Le Montréalais Pierre-Louis LeTourneux arriva à Belœil vers le milieu des années 1830, à une époque où les citadins fortunés commençaient à posséder une maison d’été à proximité de la métropole. La famille venait passer l’été devant le Richelieu et le mont Saint-Hilaire et le père était assez près de Montréal pour aller s’occuper de ses affaires selon ses besoins. Pierre-Louis LeTourneux s’était marié quelques années auparavant à Marguerite Fouquet, de six ans son aînée, qui s’apprêtait à prononcer ses voeux de religieuse. Il avait réussi à la séduire en lui promettant une existence de rêve.
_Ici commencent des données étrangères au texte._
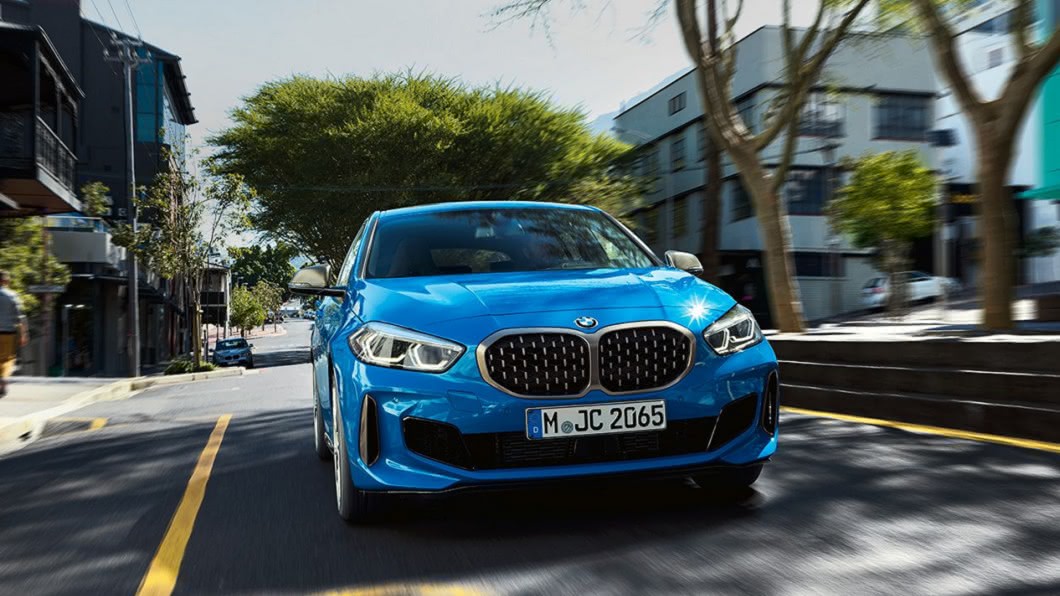 BMW 1 Series取消了原本後輪驅動設定,使後座乘客舒適度提升,也更接近市場面。(圖片來源/ BMW)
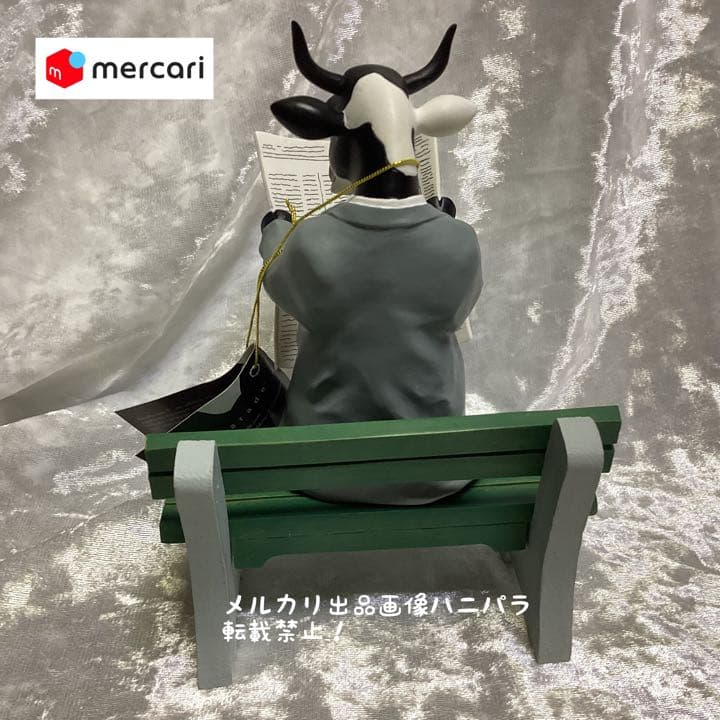 カウパレード　新聞を読むウシ　#11565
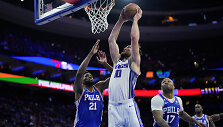 Domantas Sabonis ir Joelis Embiidas
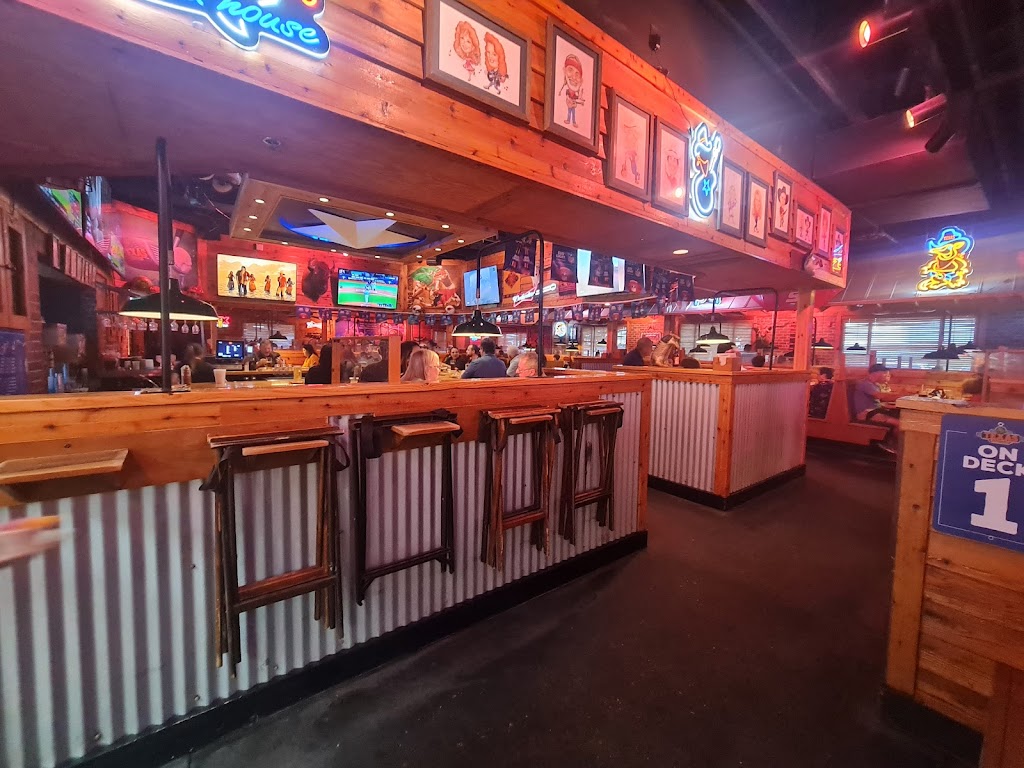 Texas Roadhouse | restaurant | 4805 S Expressway 83 #77, Harlingen, TX 78550, USA | 9564407427 OR +1 956-440-7427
Cinq enfants naquirent de leur mariage, trois garçons, Charles, Lucien et Octave, et deux filles, Charlotte et Octavie. Mais la vie vint ravir tous ses enfants à l’avocat, comme pour le condamner d’avoir détourné une femme qui se destinait à Dieu.
Un jour d’avril 1839, LeTourneux se promenait en chaloupe sur le Richelieu avec un jeune invité, le docteur Bernard, et une autre personne qui dirigeait l’embarcation lorsqu’à la suite d’une fausse manoeuvre, la chaloupe chavira. Alors que tout le monde se débattait dans l’eau glacée, LeTourneux, se rendant compte que son fils n’arriverait pas à s’en sortir, l’empoigna par derrière et le tira péniblement jusqu’au rivage alors que les deux autres personnes sombraient dans la rivière. En abordant au rivage, LeTourneux examine celui qu’il a sauvé et se rend compte avec stupeur que ce n’est pas son fils, c’est le docteur Bernard! Il n’avait même pas reconnu son enfant qui se débattait dans l’eau et l’avait laissé se noyer…Au milieu des années 1840, Charlotte, sa fille aînée, fit la connaissance d’un officier britannique dont elle tomba amoureuse. Elle se maria à Belœil en 1844 et quitta le Canada pour l’Angleterre trois ans plus tard. On ne la revit plus.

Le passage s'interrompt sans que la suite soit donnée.